General elections were held in Costa Rica on 4 February 1962. Francisco Orlich Bolmarcich of the National Liberation Party won the presidential election, whilst his party also won the parliamentary election. Voter turnout was 81%.

== Background ==

During Mario Echandi's presidency Rafael Angel Calderón, his family and supporters in exile, were allowed to return and a general amnesty was called for everyone involved in the still recent Civil War of 1948. Calderón was elected Congressman in the 1958 election. But meanwhile in the past election the National Liberation Party was split due to the separation of the “Rossist” faction in this election Calderon's candidacy unified PLN and other political allies into a strong anti-Calderonist ballot.

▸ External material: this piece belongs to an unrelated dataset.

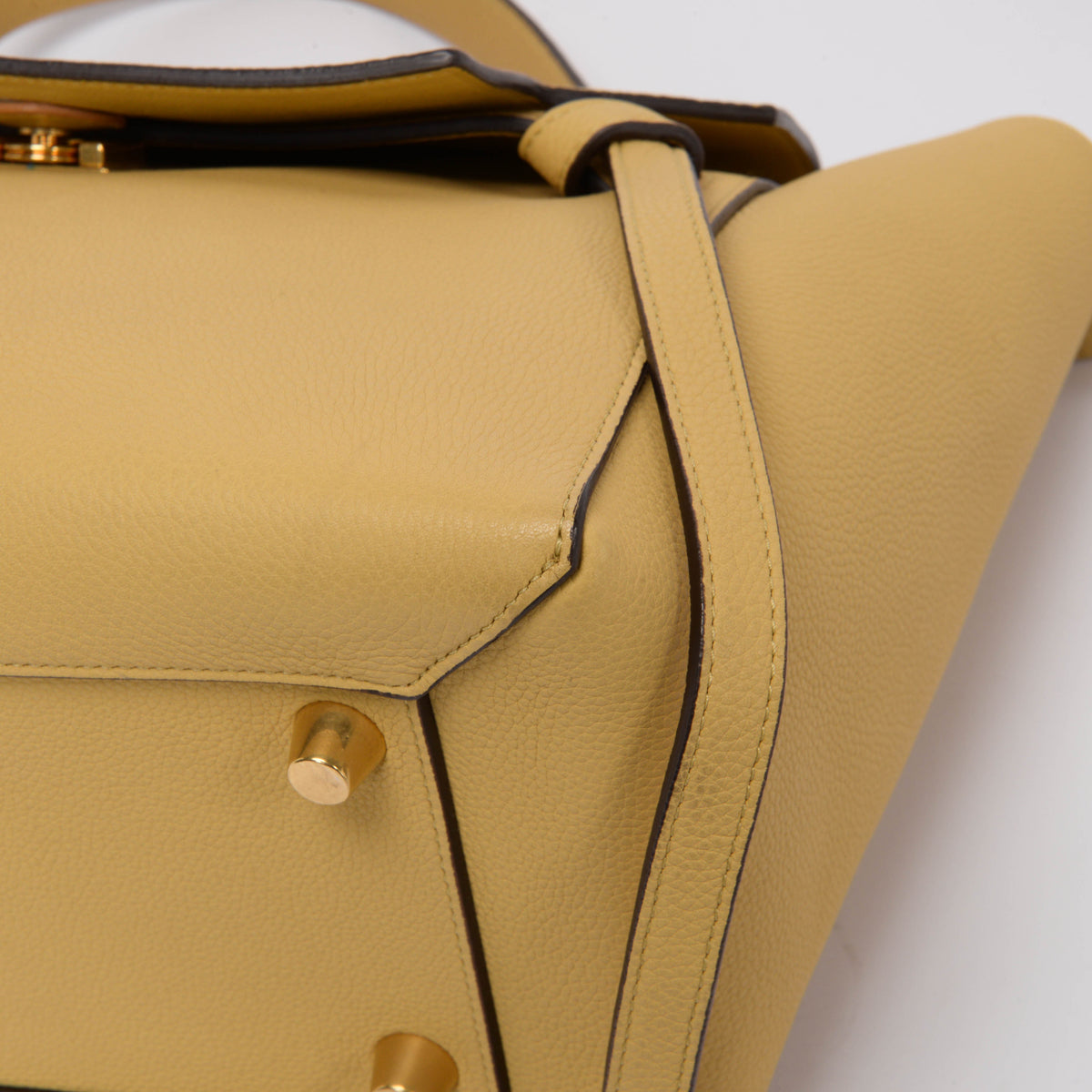 Celine Mustard Grained Calfskin Mini Belt Bag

Both former presidents Otilio Ulate from National Union and Calderón himself from National Republican became candidates. PLN's candidate was, as in 1958, Francisco Orlich, one of the party's founder, commander of one of the fronts during the civil war and Figueres’ close friend.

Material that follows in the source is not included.